=== Work to complete ===
From the line containing "Muzică live la" onward, every line of the entries is to be set down exactly, the last line included.

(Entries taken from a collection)
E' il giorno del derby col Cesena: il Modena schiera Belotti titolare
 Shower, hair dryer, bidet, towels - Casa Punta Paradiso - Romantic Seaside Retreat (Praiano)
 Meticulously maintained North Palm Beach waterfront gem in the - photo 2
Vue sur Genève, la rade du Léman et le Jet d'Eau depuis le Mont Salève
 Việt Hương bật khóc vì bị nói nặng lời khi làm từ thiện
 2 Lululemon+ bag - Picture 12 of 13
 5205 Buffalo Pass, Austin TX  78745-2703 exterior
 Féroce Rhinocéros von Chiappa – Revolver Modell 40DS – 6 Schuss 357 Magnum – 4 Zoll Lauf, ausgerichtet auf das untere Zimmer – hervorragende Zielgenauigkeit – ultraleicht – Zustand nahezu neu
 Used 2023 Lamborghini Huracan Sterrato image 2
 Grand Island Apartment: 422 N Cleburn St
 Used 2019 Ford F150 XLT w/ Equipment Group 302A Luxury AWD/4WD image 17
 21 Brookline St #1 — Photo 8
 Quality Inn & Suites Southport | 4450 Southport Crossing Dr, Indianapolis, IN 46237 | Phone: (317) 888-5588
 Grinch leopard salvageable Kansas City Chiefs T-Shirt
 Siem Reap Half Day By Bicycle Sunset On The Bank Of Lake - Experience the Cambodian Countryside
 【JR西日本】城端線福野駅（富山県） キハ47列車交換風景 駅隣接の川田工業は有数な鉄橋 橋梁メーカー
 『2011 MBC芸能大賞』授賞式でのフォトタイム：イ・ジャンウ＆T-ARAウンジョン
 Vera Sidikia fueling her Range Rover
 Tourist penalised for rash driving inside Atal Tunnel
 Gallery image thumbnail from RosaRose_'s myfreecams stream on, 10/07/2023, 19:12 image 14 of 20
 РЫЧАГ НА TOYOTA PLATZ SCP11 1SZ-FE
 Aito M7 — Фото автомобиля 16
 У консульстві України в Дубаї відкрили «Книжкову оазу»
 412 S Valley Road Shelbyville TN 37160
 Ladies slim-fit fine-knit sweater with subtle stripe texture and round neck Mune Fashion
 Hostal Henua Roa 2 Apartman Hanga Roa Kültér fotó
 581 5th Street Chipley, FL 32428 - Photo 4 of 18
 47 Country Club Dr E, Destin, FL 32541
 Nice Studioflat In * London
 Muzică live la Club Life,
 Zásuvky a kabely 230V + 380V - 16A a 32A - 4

=== Task solution ===
 Muzică live la Club Life,
 Zásuvky a kabely 230V + 380V - 16A a 32A - 4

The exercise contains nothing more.